Work to complete:
Start at the line with "Clarksville, TN 37043" in the records below, stop at the line with "别克新君威2.0T外观实拍图", and return every line in that span exactly, the two end lines included.

Data for this exercise:
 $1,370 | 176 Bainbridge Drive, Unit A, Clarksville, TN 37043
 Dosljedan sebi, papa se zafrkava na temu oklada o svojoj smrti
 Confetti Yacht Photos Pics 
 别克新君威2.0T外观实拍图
...
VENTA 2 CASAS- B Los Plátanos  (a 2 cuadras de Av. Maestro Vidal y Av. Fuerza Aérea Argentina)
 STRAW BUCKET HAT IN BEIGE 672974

Task solution:
 $1,370 | 176 Bainbridge Drive, Unit A, Clarksville, TN 37043
 Dosljedan sebi, papa se zafrkava na temu oklada o svojoj smrti
 Confetti Yacht Photos Pics 
 别克新君威2.0T外观实拍图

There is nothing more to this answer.